Scraped caption text data:
-=-=-

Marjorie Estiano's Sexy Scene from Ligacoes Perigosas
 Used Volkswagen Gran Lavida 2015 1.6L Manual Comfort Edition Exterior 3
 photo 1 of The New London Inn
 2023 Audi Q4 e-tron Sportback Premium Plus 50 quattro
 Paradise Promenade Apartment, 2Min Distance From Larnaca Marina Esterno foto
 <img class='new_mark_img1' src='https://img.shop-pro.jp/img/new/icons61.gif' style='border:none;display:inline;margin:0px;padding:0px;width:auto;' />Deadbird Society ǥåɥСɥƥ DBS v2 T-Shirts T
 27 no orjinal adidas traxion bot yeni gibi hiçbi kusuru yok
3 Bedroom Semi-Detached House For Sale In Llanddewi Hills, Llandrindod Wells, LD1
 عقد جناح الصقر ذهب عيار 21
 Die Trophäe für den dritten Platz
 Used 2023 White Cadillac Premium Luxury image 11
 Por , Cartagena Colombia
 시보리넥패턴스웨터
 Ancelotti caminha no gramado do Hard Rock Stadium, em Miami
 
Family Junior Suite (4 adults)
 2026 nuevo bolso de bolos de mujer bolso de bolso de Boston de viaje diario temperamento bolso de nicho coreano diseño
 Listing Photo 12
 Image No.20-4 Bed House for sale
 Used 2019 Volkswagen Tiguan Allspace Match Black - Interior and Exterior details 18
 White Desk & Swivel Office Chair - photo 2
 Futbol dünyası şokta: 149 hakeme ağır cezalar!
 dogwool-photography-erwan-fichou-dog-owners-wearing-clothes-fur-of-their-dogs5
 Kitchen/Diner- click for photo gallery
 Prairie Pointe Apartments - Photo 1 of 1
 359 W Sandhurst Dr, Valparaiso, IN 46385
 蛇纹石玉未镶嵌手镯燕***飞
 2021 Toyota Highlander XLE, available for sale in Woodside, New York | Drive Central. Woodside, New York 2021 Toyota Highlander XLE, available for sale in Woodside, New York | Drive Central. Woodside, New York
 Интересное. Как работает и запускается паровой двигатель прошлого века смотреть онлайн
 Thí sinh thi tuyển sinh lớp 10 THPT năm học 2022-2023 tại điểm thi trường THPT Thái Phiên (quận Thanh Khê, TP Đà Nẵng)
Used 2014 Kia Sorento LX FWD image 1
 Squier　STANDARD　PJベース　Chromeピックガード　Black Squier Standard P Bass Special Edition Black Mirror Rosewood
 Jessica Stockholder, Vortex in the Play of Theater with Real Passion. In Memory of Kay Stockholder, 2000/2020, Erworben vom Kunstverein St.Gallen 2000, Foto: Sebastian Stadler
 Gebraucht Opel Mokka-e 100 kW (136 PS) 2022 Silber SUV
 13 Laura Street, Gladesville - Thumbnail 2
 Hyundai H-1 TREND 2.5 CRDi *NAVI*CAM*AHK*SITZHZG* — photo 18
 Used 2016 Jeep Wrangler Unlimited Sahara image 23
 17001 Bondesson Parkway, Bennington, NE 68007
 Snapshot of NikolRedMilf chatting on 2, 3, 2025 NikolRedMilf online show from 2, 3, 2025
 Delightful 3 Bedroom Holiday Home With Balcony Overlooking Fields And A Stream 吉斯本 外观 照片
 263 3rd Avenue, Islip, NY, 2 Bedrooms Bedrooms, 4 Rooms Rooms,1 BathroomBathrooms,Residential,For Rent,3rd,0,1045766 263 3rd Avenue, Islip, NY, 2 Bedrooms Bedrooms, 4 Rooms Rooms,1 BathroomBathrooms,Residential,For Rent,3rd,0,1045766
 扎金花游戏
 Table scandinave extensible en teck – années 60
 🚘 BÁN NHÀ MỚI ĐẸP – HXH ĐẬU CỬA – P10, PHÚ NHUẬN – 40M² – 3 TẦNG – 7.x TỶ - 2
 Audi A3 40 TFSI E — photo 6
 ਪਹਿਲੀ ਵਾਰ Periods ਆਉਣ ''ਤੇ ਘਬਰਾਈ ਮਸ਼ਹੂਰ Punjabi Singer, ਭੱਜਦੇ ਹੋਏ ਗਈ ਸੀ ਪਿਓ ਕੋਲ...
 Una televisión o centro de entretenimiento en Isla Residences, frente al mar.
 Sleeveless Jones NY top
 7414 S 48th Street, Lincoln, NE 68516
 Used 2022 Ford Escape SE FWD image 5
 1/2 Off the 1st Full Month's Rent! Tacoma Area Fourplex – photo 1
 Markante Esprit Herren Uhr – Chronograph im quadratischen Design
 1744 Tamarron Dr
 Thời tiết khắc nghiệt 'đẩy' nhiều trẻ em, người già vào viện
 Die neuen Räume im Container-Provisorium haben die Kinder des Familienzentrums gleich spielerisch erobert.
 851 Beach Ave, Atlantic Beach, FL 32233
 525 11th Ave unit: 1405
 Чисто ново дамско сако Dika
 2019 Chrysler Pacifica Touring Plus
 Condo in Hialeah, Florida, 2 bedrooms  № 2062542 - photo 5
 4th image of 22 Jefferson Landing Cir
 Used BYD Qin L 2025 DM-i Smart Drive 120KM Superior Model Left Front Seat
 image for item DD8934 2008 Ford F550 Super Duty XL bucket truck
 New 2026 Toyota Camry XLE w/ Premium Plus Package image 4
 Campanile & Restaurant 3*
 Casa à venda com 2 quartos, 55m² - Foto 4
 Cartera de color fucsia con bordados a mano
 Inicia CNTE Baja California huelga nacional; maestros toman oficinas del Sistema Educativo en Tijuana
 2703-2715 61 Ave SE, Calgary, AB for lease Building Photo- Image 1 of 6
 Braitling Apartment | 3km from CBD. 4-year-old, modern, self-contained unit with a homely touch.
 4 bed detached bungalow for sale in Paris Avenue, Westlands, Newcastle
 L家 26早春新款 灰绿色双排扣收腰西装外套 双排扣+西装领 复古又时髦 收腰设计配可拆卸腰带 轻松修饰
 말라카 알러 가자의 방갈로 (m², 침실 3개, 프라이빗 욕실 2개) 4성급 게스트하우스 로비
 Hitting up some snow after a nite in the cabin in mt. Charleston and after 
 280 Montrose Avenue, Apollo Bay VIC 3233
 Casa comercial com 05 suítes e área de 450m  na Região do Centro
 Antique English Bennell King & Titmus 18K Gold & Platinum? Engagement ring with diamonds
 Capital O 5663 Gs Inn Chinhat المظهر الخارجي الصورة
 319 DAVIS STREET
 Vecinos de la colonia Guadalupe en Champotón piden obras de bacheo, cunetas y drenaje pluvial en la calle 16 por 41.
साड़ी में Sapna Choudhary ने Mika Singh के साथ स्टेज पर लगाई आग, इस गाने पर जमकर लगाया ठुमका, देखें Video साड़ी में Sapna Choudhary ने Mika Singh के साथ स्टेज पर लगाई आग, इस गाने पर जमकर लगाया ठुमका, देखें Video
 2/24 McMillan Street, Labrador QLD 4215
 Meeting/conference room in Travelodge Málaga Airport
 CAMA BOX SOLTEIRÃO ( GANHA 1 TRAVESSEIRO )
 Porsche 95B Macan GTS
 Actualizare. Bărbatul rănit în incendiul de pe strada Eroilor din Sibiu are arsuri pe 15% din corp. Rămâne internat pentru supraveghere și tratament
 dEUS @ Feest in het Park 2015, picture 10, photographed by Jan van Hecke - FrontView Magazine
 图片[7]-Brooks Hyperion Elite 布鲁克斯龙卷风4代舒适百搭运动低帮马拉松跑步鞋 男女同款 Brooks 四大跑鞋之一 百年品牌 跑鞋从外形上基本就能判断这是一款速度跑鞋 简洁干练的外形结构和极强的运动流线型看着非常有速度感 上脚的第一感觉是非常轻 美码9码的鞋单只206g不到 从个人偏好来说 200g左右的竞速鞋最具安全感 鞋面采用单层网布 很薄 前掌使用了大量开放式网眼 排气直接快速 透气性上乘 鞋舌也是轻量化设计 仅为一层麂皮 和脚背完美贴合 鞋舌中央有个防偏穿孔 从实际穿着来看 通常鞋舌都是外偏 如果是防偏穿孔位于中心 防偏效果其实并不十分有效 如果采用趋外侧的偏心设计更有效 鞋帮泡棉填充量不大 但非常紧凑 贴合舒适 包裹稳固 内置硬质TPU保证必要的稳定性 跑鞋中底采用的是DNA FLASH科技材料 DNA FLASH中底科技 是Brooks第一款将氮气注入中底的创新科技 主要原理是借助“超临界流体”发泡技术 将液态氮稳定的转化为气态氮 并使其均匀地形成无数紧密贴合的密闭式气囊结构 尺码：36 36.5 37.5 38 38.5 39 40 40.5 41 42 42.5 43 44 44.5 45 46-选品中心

-=-=-

Word for word, restate the entries from the first line to the line that has "Paradise Promenade Apartment, 2Min", both included, and nothing else.

Marjorie Estiano's Sexy Scene from Ligacoes Perigosas
 Used Volkswagen Gran Lavida 2015 1.6L Manual Comfort Edition Exterior 3
 photo 1 of The New London Inn
 2023 Audi Q4 e-tron Sportback Premium Plus 50 quattro
 Paradise Promenade Apartment, 2Min Distance From Larnaca Marina Esterno foto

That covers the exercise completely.